**WORK ITEM**
Please repeat only the lines below starting at the line that holds "Phänomenologie der Assoziation: Zu" and ending at the line that holds "99 Cent Best", exactly, with both of those lines included and every picture omitted.

---- GIVEN RECORDS

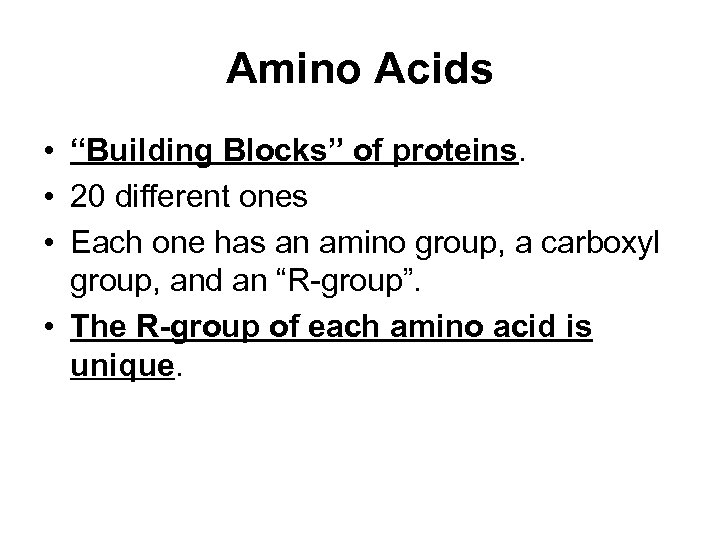 Amino Acids • “Building Blocks” of proteins. • 20 different ones • Each one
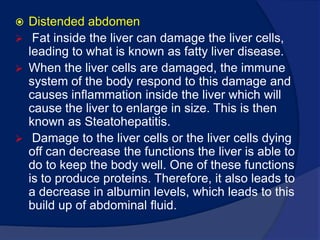 therefore unused lipids which would normally participate inlipoproteinsynthesis begin to accumulate. Distended abdomen Fat inside the liver can damage the liver cells, leading to what is known as fatty liver disease. 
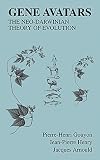 Gene Avatars: The Neo-Darwinian Theory of Evolution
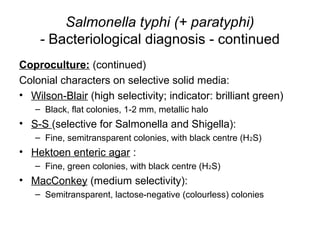 Salmonella typhi (+ paratyphi)
- Bacteriological diagnosis - continued
Coproculture: (continued)
Colonial characters on selective solid media:
• Wilson-Blair (high selectivity; indicator: brilliant green)
– Black, flat colonies, 1-2 mm, metallic halo
• S-S (selective for Salmonella and Shigella):
– Fine, semitransparent colonies, with black centre (H2S)
• Hektoen enteric agar :
– Fine, green colonies, with black centre (H2S)
• MacConkey (medium selectivity):
– Semitransparent, lactose-negative (colourless) colonies
 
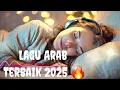 Download Lagu Viral di YouTube! 5 Lagu Arab Paling Sedih 2025 - Arabic Song
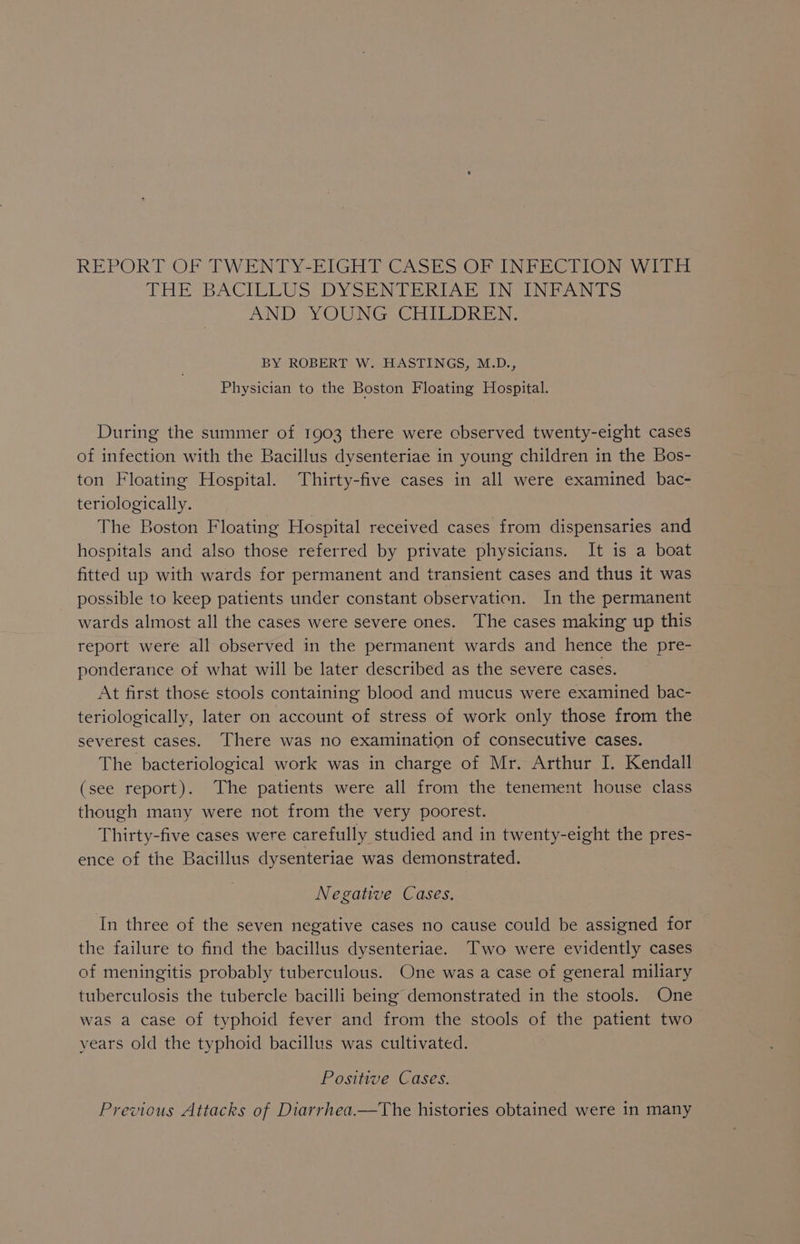 REPORT OF TWENTY-EIGHT CASES OF INFECTION WITH THE BACIVEWS DY SEIN Pehl Acbey PNGRUINIEa ON Ins AND. YOUNG, CHILDREN: BY ROBERT W. HASTINGS, M.D., Physician to the Boston Floating Hospital. During the summer of 1903 there were cbserved twenty-eight cases of infection with the Bacillus dysenteriae in young children in the Bos- ton Floating Hospital. Thirty-five cases in all were examined bac- teriologically. The Boston Floating Hospital received cases from dispensaries and hospitals and also those referred by private physicians. It is a boat fitted up with wards for permanent and transient cases and thus it was possible to keep patients under constant observation. In the permanent wards almost all the cases were severe ones. The cases making up this report were all observed in the permanent wards and hence the pre- ponderance of what will be later described as the severe cases. At first those stools containing blood and mucus were examined bac- teriologically, later on account of stress of work only those from the severest cases. There was no examination of consecutive cases. The bacteriological work was in charge of Mr. Arthur I. Kendall (see report). The patients were all from the tenement house class though many were not from the very poorest. Thirty-five cases were carefully studied and in twenty-eight the pres- ence of the Bacillus dysenteriae was demonstrated. Negative Cases. In three of the seven negative cases no cause could be assigned for the failure to find the bacillus dysenteriae. Two were evidently cases of meningitis probably tuberculous. One was a case of general miliary tuberculosis the tubercle bacilli being demonstrated in the stools. One was a case of typhoid fever and from the stools of the patient two years old the typhoid bacillus was cultivated. Positive Cases. Previous Attacks of Diarrhea.—The histories obtained were in many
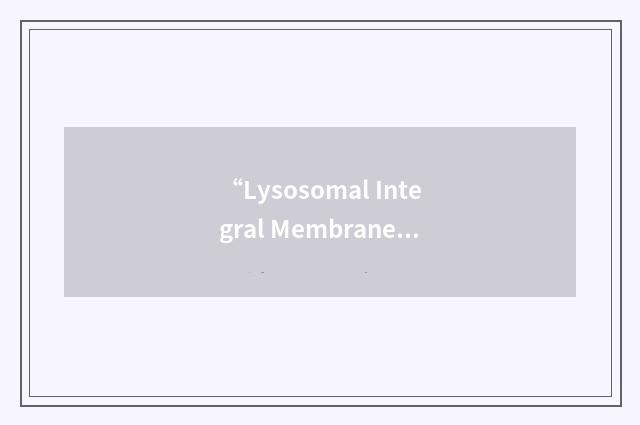 “Lysosomal Integral Membrane Protein Type II”缩略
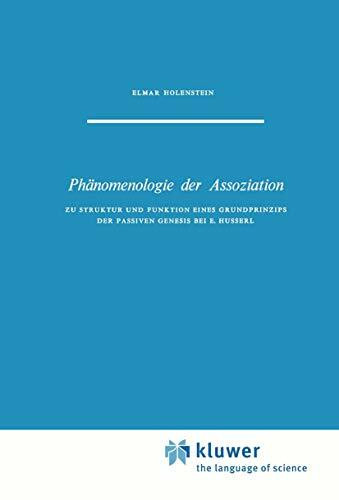 Phänomenologie der Assoziation: Zu Struktur und Funktion eines Grundprinzips der passiven Genesis bei E. Husserl (Phaenomenologica, 44, Band 44)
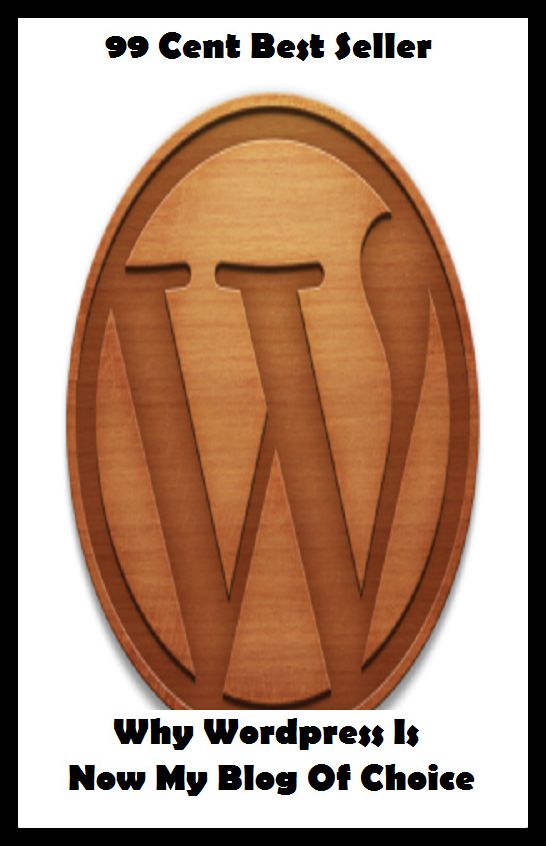 99 Cent Best Seller Why Wordpress Is Now My Blog Of Choice (computer, workstation, pc, laptop, CPU, blog, web, net, netting, network, internet, mail, e mail, download, up load, keyword, spyware, bug, antivirus, search engine )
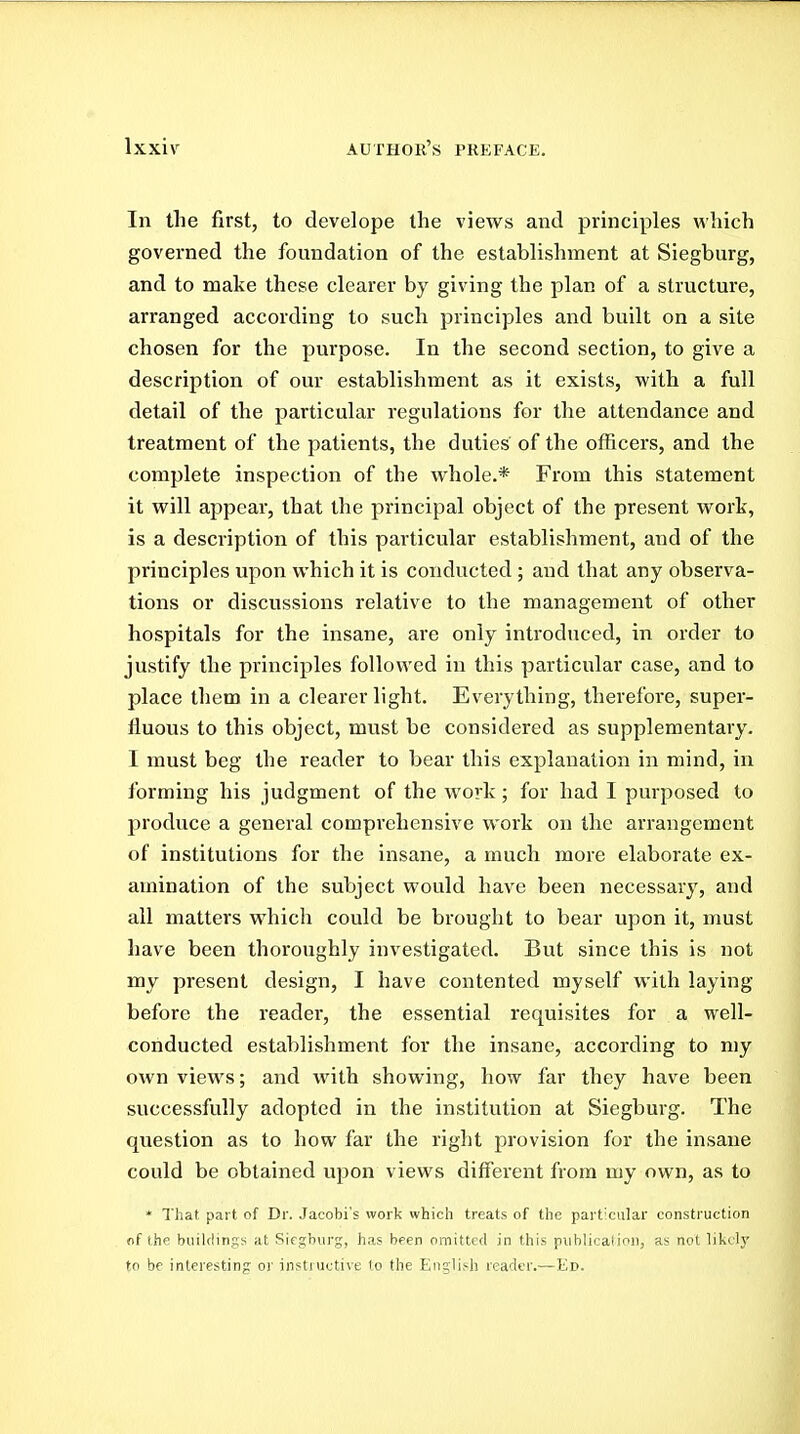 In the first, to develope the views and principles which governed the foundation of the establishment at Siegburg, and to make these clearer by giving the plan of a structure, arranged according to such principles and built on a site chosen for the purpose. In the second section, to give a description of our establishment as it exists, with a full detail of the particular regulations for the attendance and treatment of the patients, the duties of the officers, and the complete inspection of the whole.* From this statement it will appear, that the principal object of the present work, is a description of this particular establishment, and of the principles upon which it is conducted ; and that any observa- tions or discussions relative to the management of other hospitals for the insane, are only introduced, in order to justify the principles followed in this particular case, and to place them in a clearer light. Everything, therefore, super- fluous to this object, must be considered as supplementary. I must beg the reader to bear this explanation in mind, in forming his judgment of the work; for had I purposed to produce a general comprehensive work on the arrangement of institutions for the insane, a much more elaborate ex- amination of the subject would have been necessarj', and all matters which could be brought to bear upon it, must have been thoroughly investigated. But since this is not my present design, I have contented myself with laying before the reader, the essential requisites for a well- conducted establishment for the insane, according to my own views; and with showing, how far they have been successfully adopted in the institution at Siegburg. The question as to how far the right provision for the insane could be obtained upon views different from my own, as to * That part of Dr. Jacobi's work which treats of the particular construction of the buildings at Siegburg, has been omitted in this piiblica(ioii, as not likely to be interesting or instructive lo the English reader.—Ed.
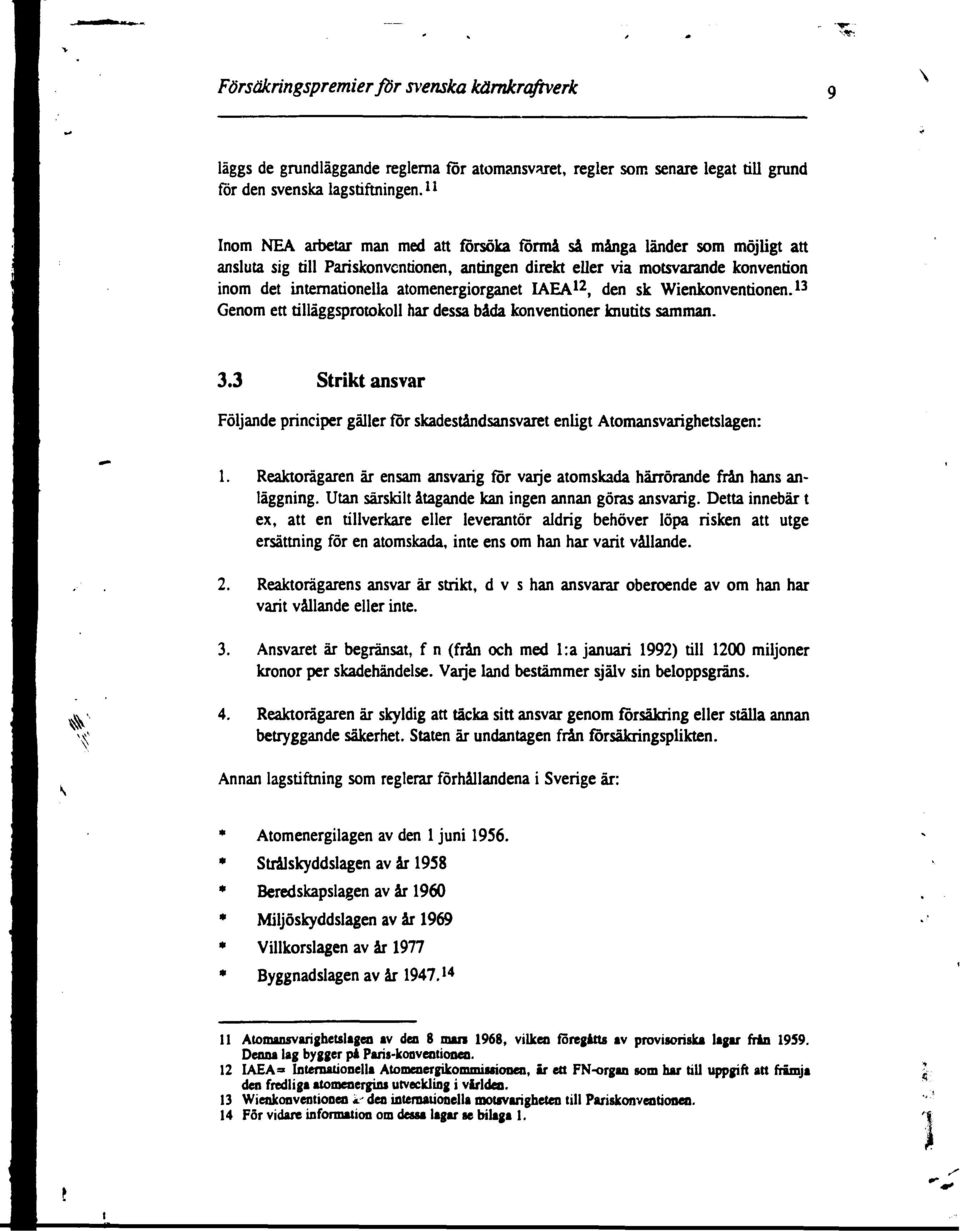 atomenergiorganet IAEA 12, den sk Wienkonventionen. 13 Genom ett tilläggsprotokoll har dessa båda konventioner knutits samman. 3.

--------

**TASK SOLUTION**
 Phänomenologie der Assoziation: Zu Struktur und Funktion eines Grundprinzips der passiven Genesis bei E. Husserl (Phaenomenologica, 44, Band 44)
 99 Cent Best Seller Why Wordpress Is Now My Blog Of Choice (computer, workstation, pc, laptop, CPU, blog, web, net, netting, network, internet, mail, e mail, download, up load, keyword, spyware, bug, antivirus, search engine )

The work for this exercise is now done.